| DATA EXTRACT |
________________

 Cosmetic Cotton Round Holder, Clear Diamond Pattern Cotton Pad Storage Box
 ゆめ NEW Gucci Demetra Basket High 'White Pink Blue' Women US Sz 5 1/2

________________

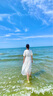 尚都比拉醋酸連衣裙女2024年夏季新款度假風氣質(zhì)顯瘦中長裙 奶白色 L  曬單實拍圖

________________

| EXERCISE AIM |
As listed above, the lines from the line with "Cosmetic Cotton Round" to the line with "ゆめ NEW Gucci" are to be echoed exactly, with both ends included and nothing added.

| RESULT BELOW |
 Cosmetic Cotton Round Holder, Clear Diamond Pattern Cotton Pad Storage Box
 ゆめ NEW Gucci Demetra Basket High 'White Pink Blue' Women US Sz 5 1/2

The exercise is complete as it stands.